>>
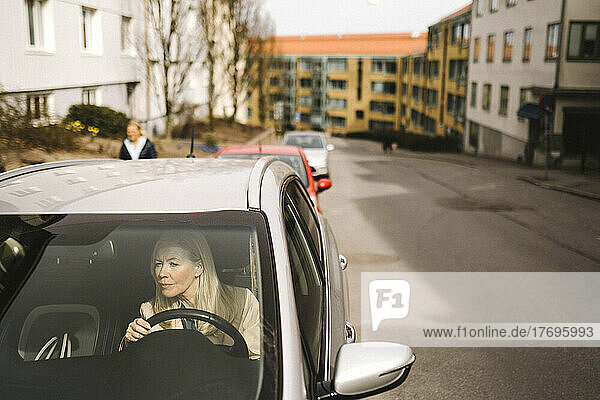 Geschäftsfrau im Auto sitzend durch die Windschutzscheibe gesehen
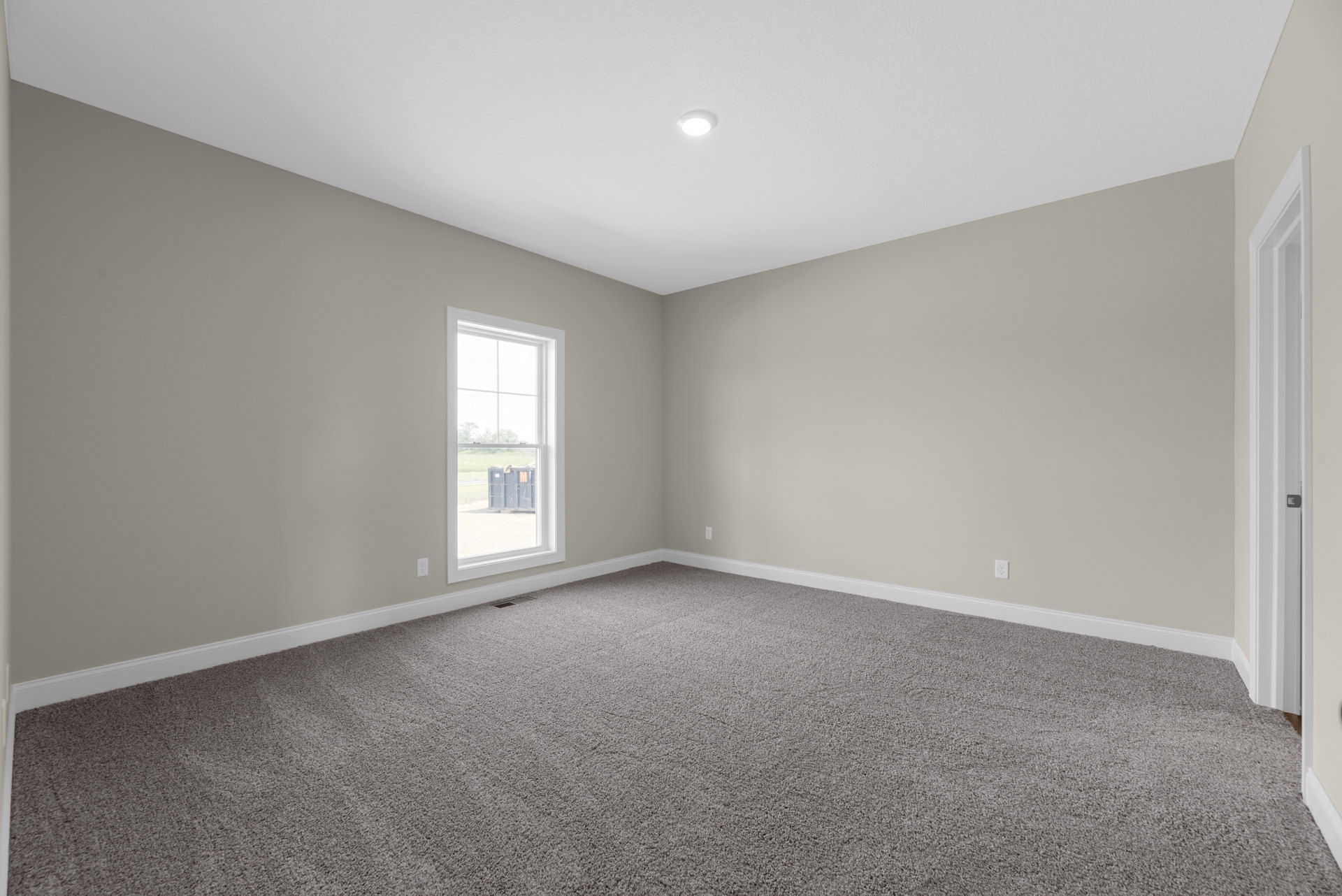 Carpeted room with white walls, large window overlooking outdoor bin, ceiling light fixture, and white door with molding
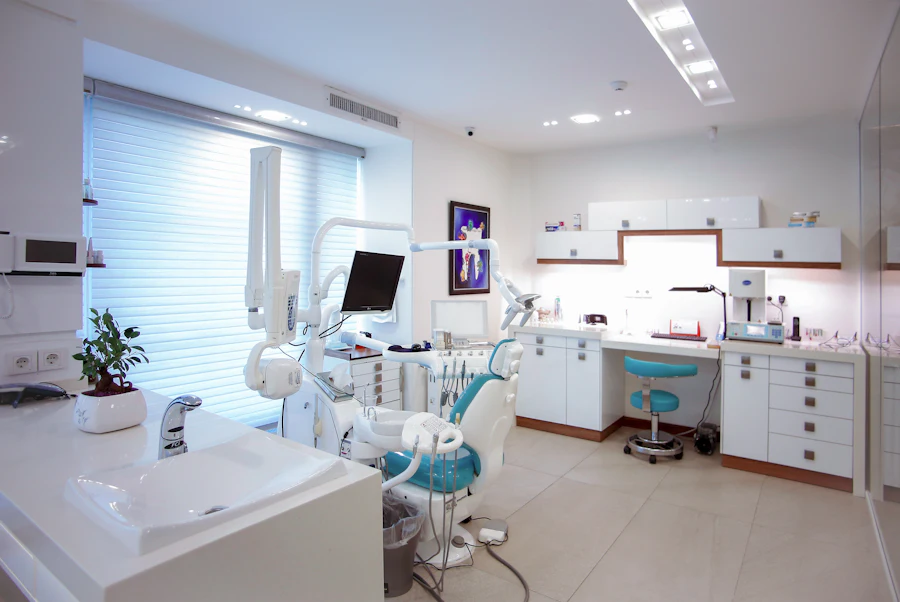 A bright, modern dental treatment room with a teal patient chair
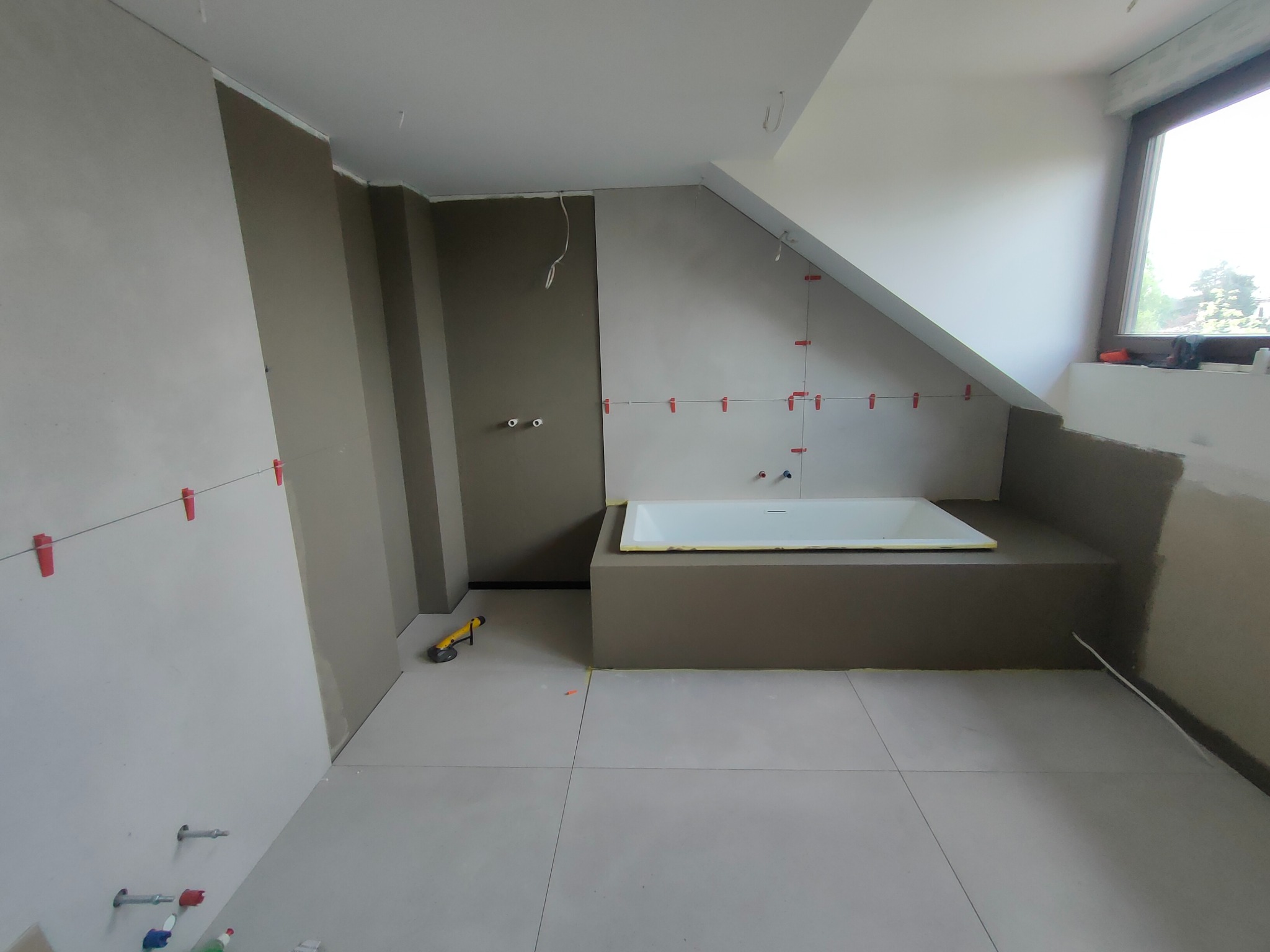 Łazienka w trakcie wykończenia: biała wanna obudowana szarą konstrukcją, ściany przygotowane do położenia płytek, widoczne narzędzia i poziomica. Podłoga wyłożona jasnymi płytkami.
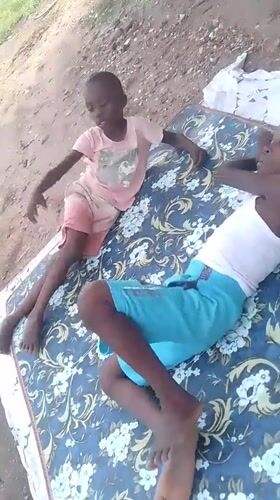 Kids on a mattress, shirtless figure outdoors near blue windows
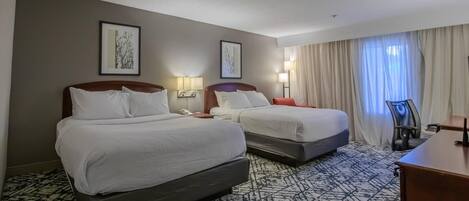 A hotel room with two beds, a desk, a chair, and two bedside lamps.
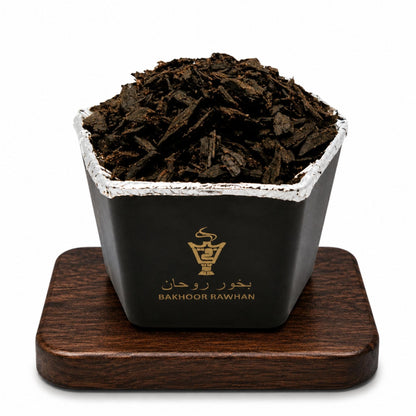 Front view of Alnaqi Bakhoor Rawhan 50g jar containing natural aromatic wood chips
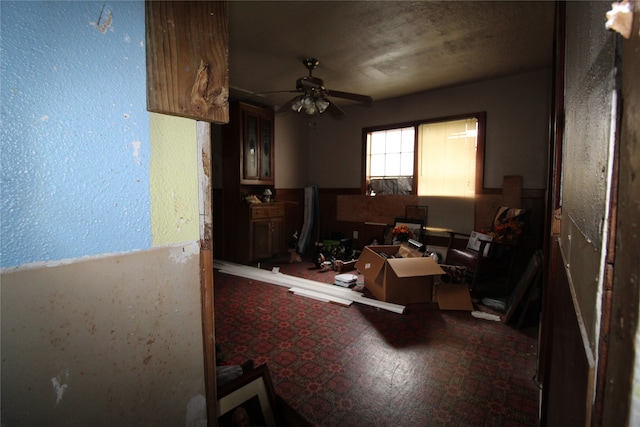 miscellaneous room featuring ceiling fan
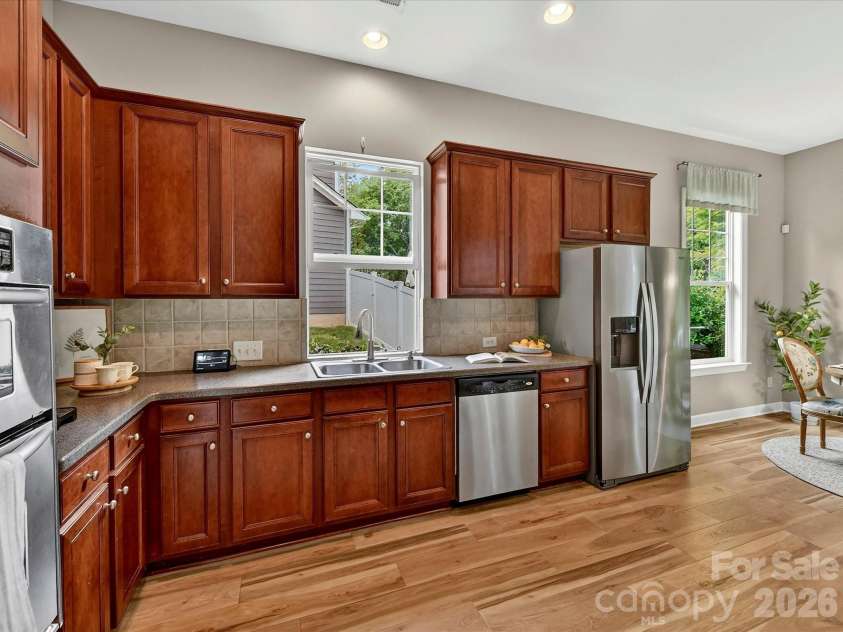 18721 The Commons Boulevard, Cornelius, NC 28031.  MLS# CAR4373232, YatesRealty ID 18371. Spacious kitchen featuring rich cabinetry, stainless steel appliances, ample counter space, and a large island with seating—perfect for cooking and gathering.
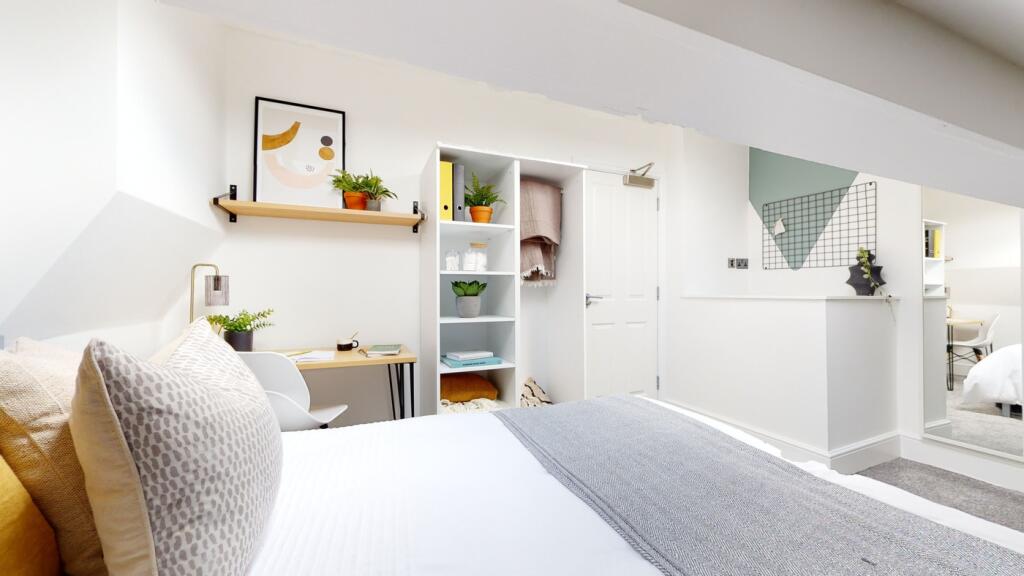 A bright and inviting double bedroom with moder...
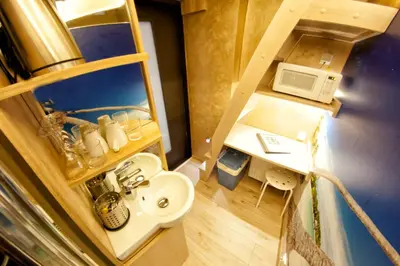 a small bathroom with a sink and a microwave at Yourplace XXS Apartments in Kraków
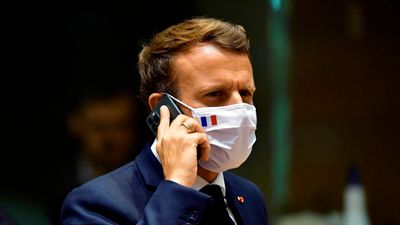 Frankrikes president Emmanuel Macron, her avbildet med ansiktsmaske og mobiltelefon.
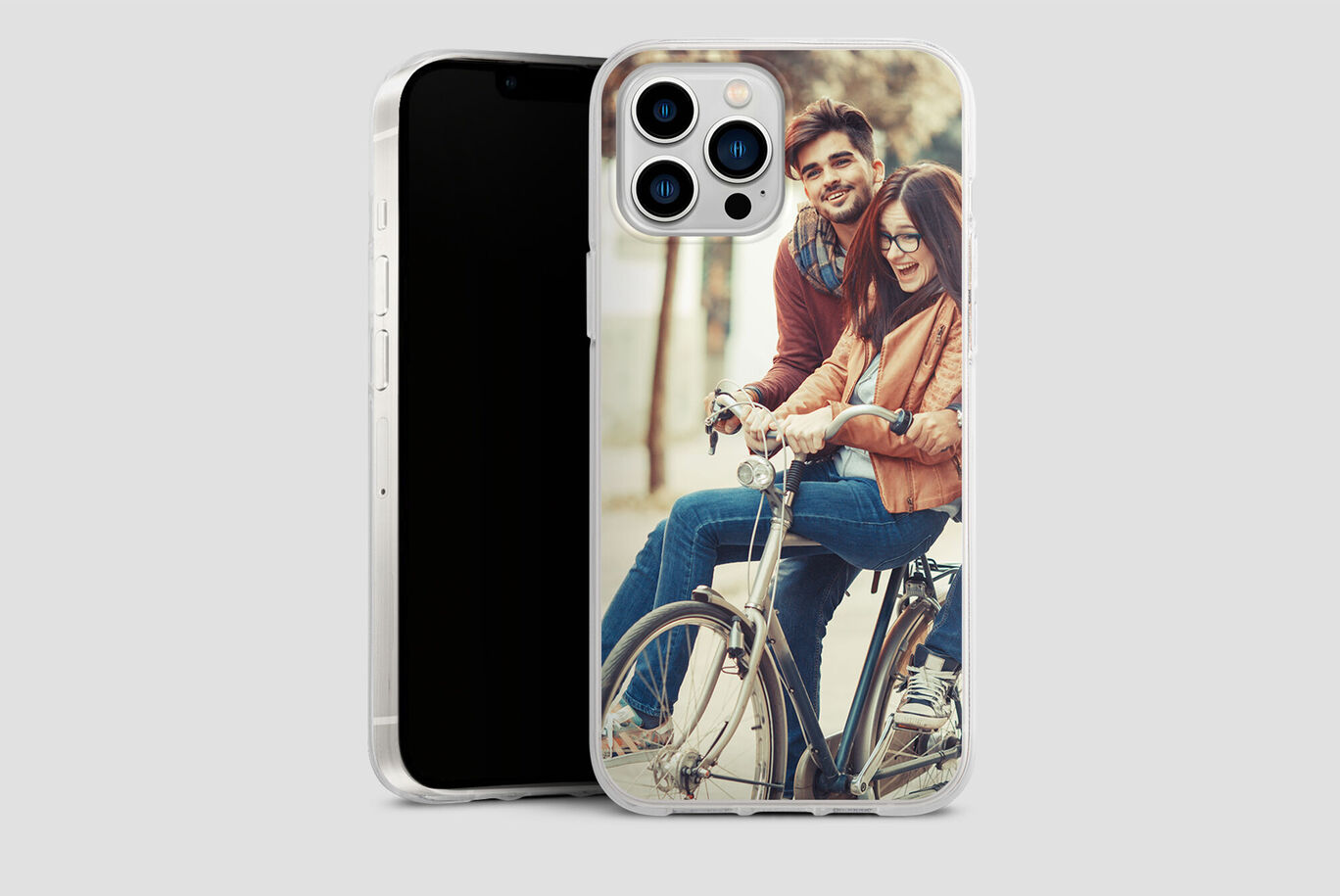 Two people on a bicycle, with a smartphone background and phone case.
<<
*Exercise*. Reproduce word for word the lines running from the line with "Kids on a mattress, shirtless" through the end of the data, both included, and nothing else; leave out the pictures.

*Answer to the exercise*.
 Kids on a mattress, shirtless figure outdoors near blue windows
 A hotel room with two beds, a desk, a chair, and two bedside lamps.
 Front view of Alnaqi Bakhoor Rawhan 50g jar containing natural aromatic wood chips
 miscellaneous room featuring ceiling fan
 18721 The Commons Boulevard, Cornelius, NC 28031.  MLS# CAR4373232, YatesRealty ID 18371. Spacious kitchen featuring rich cabinetry, stainless steel appliances, ample counter space, and a large island with seating—perfect for cooking and gathering.
 A bright and inviting double bedroom with moder...
 a small bathroom with a sink and a microwave at Yourplace XXS Apartments in Kraków
 Frankrikes president Emmanuel Macron, her avbildet med ansiktsmaske og mobiltelefon.
 Two people on a bicycle, with a smartphone background and phone case.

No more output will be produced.